Mr Tseli said he did not agree with the view that ICASA, as Regulator, was interfering. ICASA should be regulating. It had a clear mandate to ensure there was compliance. Where there were violations, the Regulator should be able to intervene whether there was a complaint or not.. He said that if a code was listed, it had to be broadcast live -- there should not be options of delayed live or delayed.
Ms Gongxeka-Seope said ICASA had done an analysis to understand why community radio stations were closing down and at what point should ICASA engage with radio stations before they were closed down. They had asked their compliance teams what they were doing to empower community radio stations. Some of the reasons given in compliance reports was because stations flouted governance issues, while others transgressed programming rules.
On PEBs, she said that historically they were 180 seconds, then they were reduced to 90 seconds and currently they were 60 seconds. The draft regulations would be published by the end of November and would be open to the public to comment. There had been no decision on a 30-second slot.
Ms Kadi added that the 60 seconds was too long, so now it was 50 seconds. From the Independent Electoral Commission’s (IEC’s) perspective, there might be more political parties contesting the election. No other party would get an extra 10 seconds.
Ms Gongxeka-Seope said the 50 seconds did not include the opening and closing parts.
On community radio stations, Ms Kadi said there was a lack of community participation and this was troublesome and made the licensing component burdensome. ICASA was working to understand why there was a lack of respect for licensing obligations.
She had taken note of Mr Tseli’s comments on interference and intervention, and they were reviewing even ICASA’s laws in as much as they acted as a restraint. ICASA was looking at how best it could be a more active participant and Regulator.
On the matter of ‘delayed live’, ICASA awaited the submissions because it was hearing a number of divergent views on ‘delayed live’ from the state and from other relevant parties, but not much from civil society.
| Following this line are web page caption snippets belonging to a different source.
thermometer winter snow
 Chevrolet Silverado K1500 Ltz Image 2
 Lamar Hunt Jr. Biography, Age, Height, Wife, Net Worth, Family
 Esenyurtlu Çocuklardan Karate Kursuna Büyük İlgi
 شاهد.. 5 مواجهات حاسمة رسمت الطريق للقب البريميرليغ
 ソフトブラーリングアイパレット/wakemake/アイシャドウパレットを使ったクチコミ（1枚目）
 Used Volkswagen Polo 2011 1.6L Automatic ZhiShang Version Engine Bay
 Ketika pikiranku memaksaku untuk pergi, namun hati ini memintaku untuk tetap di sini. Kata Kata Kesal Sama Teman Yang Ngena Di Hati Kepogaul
ICASA also had to make sure it did not over reach, however.
Mr Xaba asked for an explanation on the matter of Karabo radio station, as a solution needed to be found. He was not interested in reports.
The Chairperson said there was a need for citizens to be proactive. He asked about the ICASA road shows, because they needed to ensure that they reached out. Perhaps ICASA could partner with other agencies.
The Chairperson said it would be difficult for the interviews of candidates to fill the four vacancies at the board of the South African Broadcasting Corporation to be held on 30 October 2018, as some of them would be out of the country. It would be rescheduled to 6 November 2018. The State Security Agency had intimated that its processes would require extra time, and Parliament’s schedule also needed to be taken into account.
Ms Van Damme said the chopping and changing made things difficult for her to plan, and she would be unavailable on 6 November.
Mr Xaba said the matter was of national importance and the matter must proceed on the 6 November.
The Chairperson said only one interviewee would not be available on the 6th. He said on 30 November, the Committee would meet with the Special Investigating Unit (SIU) for an update on issues around security companies used by the SABC, as well as an update on the SABC board member who had a problem with North West University. The BRRR report would be adopted at that meeting. On 6 November, the Committee would do the SABC interviews. On 13 November it would be briefed on the implementation of digital migration. On 20 November, the Department would brief the Committee on its performance management and on ICASA. On 23 November there would be a briefing by the Government Communication and Information System (GCIS). He said the study tour was still under consideration.
Ms Van Damme suggested the SABC candidates be adopted on 6 November.
Mr Tseli had an issue with that, as the Committee needed time to reflect on the decision.
Mr Xaba said that the public would in effect also be providing input.
The Chairperson suggested the Committee could meet on Thursday 8 November, at 12.30pm.